Hmm, I know we have to do part on oahu for the arizona and what not. I'll have to look at the jump flights to Maui and Big Island. I've always been more interested in the Big Island.


----------



## mtmom75 (May 19, 2011)

I love love love Hawaii. Maui is my favorite place in the whole world, and I've been a lot of places lol. My husband and I got married there.  But I also really like Oahu (but only for a day or two - I get tired of the crowds very quickly) and the big island. 

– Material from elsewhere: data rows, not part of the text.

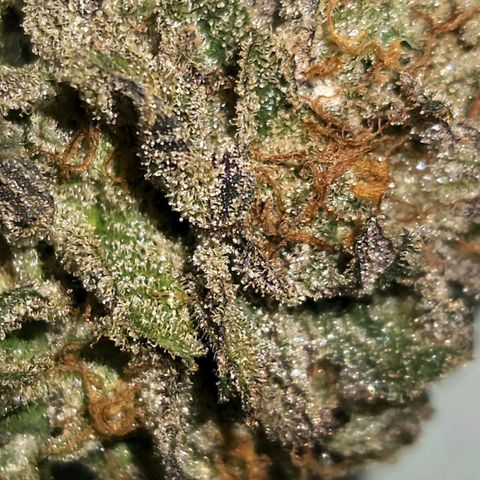 Apricot candy #1 growlog timeline photo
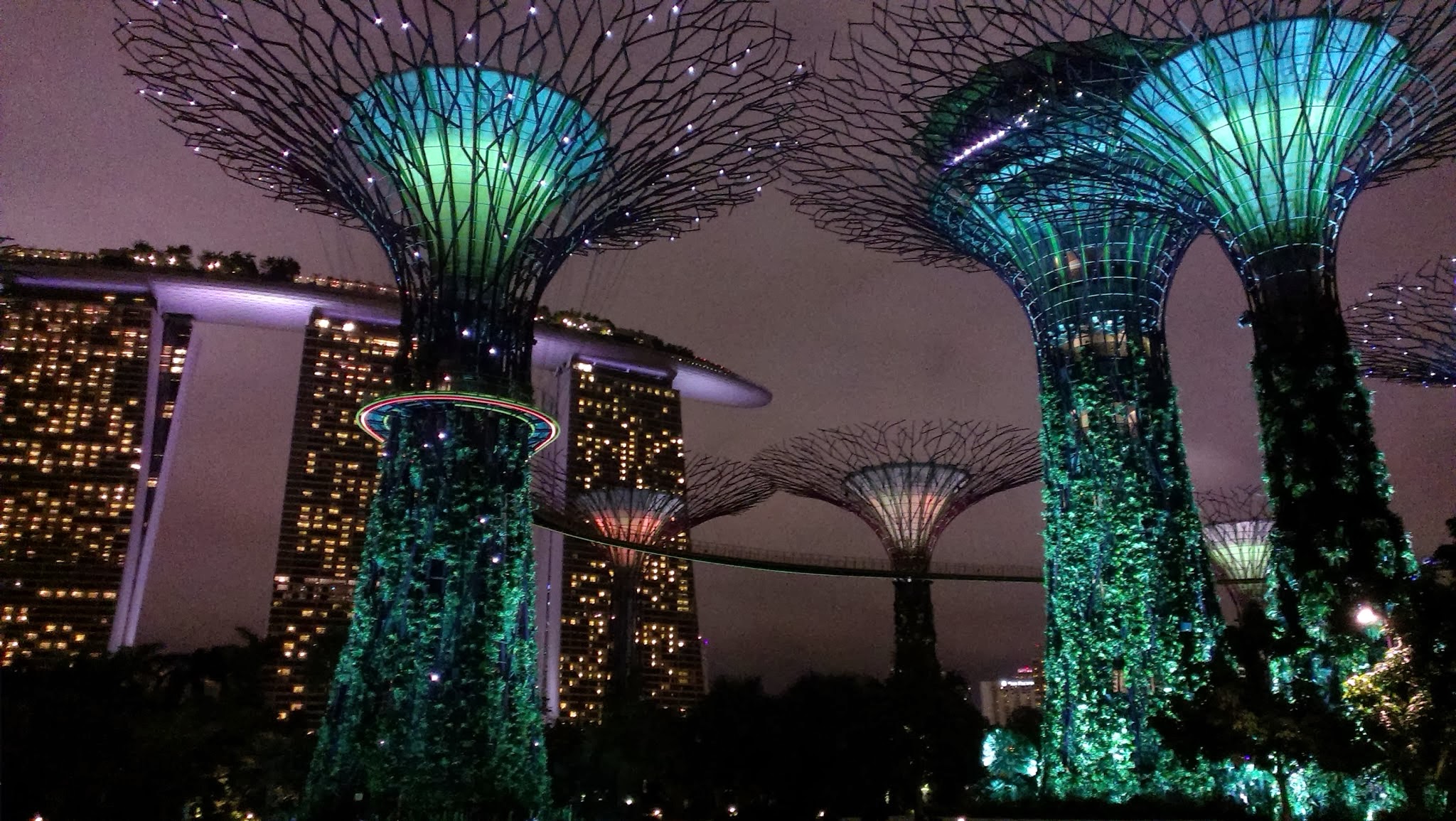 Hành trình Singapore bụi: Tung tăng  vịnh Marina và 2 khu vườn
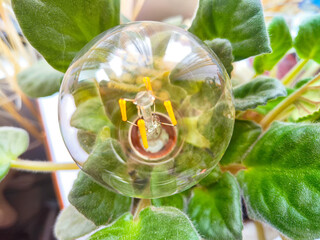 A transparent glass lamp in a green violet plant like a flower. The end of the environmental...
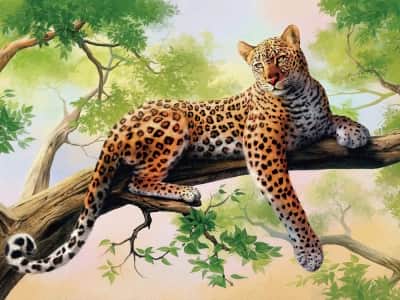 Fototapete Gefleckter Leopard auf einem Baum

My recommendation for a trip like that is to use a travel agent. They can get Hawaii trips through wholesalers generally, and you'll get a better deal than you would by putting the whole thing together yourself online. Plus, most travel agents have either been to Hawaii or have a good understanding of the area and can recommend good hotels and/or condos that are nice but not too expensive. I used to work as a travel agent, and Hawaii was my specialty.  I can give the number of a great travel agency in Kirkland if you want. They of course are quite a ways from you, but everything can be done over the phone or via email. 

Good luck!


----------



## Dayna (Aug 16, 2012)

Trickyroo said:


> Well , la de da
> I want to see your goats and parrots if I ever get lucky enough to get there
> Then we can do lunch :leap:


WELL???? When ya coming?????


----------



## clearwtrbeach (May 10, 2012)

mtmom, I would have thought the travel agent would've been much more than doing it on line. When I went to Florida I did it online and it was cheaper. I would like the name of the travel agents. 
Dayna where are you guys on the big island?


----------



## Dayna (Aug 16, 2012)

We live in Keaau. It's on the East Side of Da Big Island.  The Hilo side. The Kona side has great beaches, but is too hot for me. I prefer the green rainy side.


----------



## nchen7 (Feb 25, 2013)

Dayna, i concur. green and rainy is the way to go. and drive to the beaches.


----------



## clearwtrbeach (May 10, 2012)

If I was living there I'd go to the middle of hot and green rainy.  Rainy, humidity here comes the 'frizz' !


----------



## NubianFan (Jun 3, 2013)

Green and rainy sounds good. I would love to go to Hawaii, but not for the beaches, I love beaches but I can see those in florida, I want to see the mountains and the waterfalls and the stuff like that.


----------



## clearwtrbeach (May 10, 2012)

We have beaches here on the west coast too. I did go to clearwtrbeach florida one year and the sunset and white beach was great. I've always wanted to see hawaii's beaches, I love salt water and want to snorkle if not scuba dive, water falls, rain forest (well at least for hawaii), and of course the sunset I think the sunset easily beats my west coast beach. I love the clear blue water we don't have that here. I'm still watching hawaii 5-o just to drool


----------



## xymenah (Jul 1, 2011)

The best time to get a flight is 8-5 days before you want to leave any earlier and it skyrockets. I got my flight to Maui for $375 round trip. If you can check different times of the week too and don't fly in the same day you fly out such as Saturday to Saturday. Also don't pay for your seats. Pick them the day of or day before you leave and you can get them for free. Sometimes they are even prime places and you don't have to pay $35(depending on the airline I normally fly Delta or American Airlines).


----------